As palavras de Pedro pretendem desviar Jesus do cumprimento dos planos de Deus. Jesus não está disposto a aceitar uma proposta que o impeça de concretizar, com amor e fidelidade, os projetos de Deus e insiste: “Se alguém me quer seguir, renuncie a si mesmo, tome a sua cruz e me siga (v. 34). Com isto, somos chamados a carregar a nossa cruz e a perder a própria vida por ele, pelo Evangelho, para no final, chegarmos à glória da ressurreição, para estarmos na vida definitiva com Deus. Quem quiser ser seu discípulo deve “renunciar a si mesmo”, “tomar a cruz” e seguir Jesus no caminho do amor.

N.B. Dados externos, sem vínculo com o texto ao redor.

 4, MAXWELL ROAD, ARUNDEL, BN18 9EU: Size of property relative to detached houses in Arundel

“E vós, quem dizeis que eu sou?” (Mc 8,29). Seríamos, nós, capazes de responder com exatidão essa pergunta? Concedo que respondê-la com exatidão não é tão fácil, pois trata-se de ir aprofundando no conhecimento de Cristo a tal ponto de podermos dizer com o Apóstolo: “julgo como perda todas as coisas, em comparação com esse bem supremo: o conhecimento de Jesus Cristo, meu Senhor. Por ele tudo desprezei e tenho em conta de esterco, a fim de ganhar Cristo e estar com ele” (Fl 3,8-9).
Num tempo de relativismo como nosso, é preciso que tenhamos critérios verdadeiros na cabeça, que estejamos bem ancorados na verdade. Guardemo-nos de novidades nocivas: “pois virá um tempo em que alguns não suportarão a sã doutrina; pelo contrário, segundo os seus próprios desejos, como que sentindo comichão nos ouvidos se rodearão de mestres. Desviarão os seus ouvidos da verdade, orientando-se para as fábulas” (2 Tim 4,3-4).

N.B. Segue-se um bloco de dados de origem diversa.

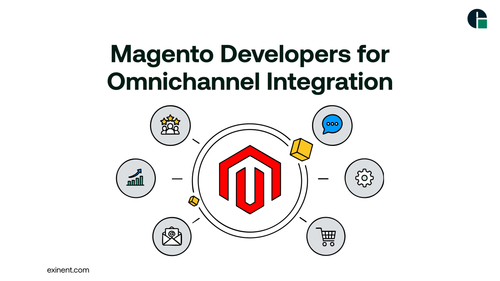 Magento-Developers-for-Omnichannel-Integration-scaled.png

É preciso que sejamos prudentes, para que não sejamos enganados pelos falsos mestres que tanto prometem; geralmente prometem coisas que agradam os nossos sentidos, mas que não preenchem os nossos corações desejosos de Deus e das coisas eternas.
A pergunta feita por Jesus: “E vós, quem dizeis que Eu sou?” deve, de forma constante, ecoar nos nossos ouvidos e no nosso coração. Responder a esta questão obriga-nos a pensar no significado que Cristo tem na nossa vida, na atenção que damos às suas propostas, na importância que os seus valores assumem nas nossas opções, nos esforços que fazemos para segui-lo. Também podemos perguntar: Quem é Cristo para mim? E imbuídos pela fé, saibamos repetir como Pedro: “Tu és o Cristo, o filho de Deus vivo”.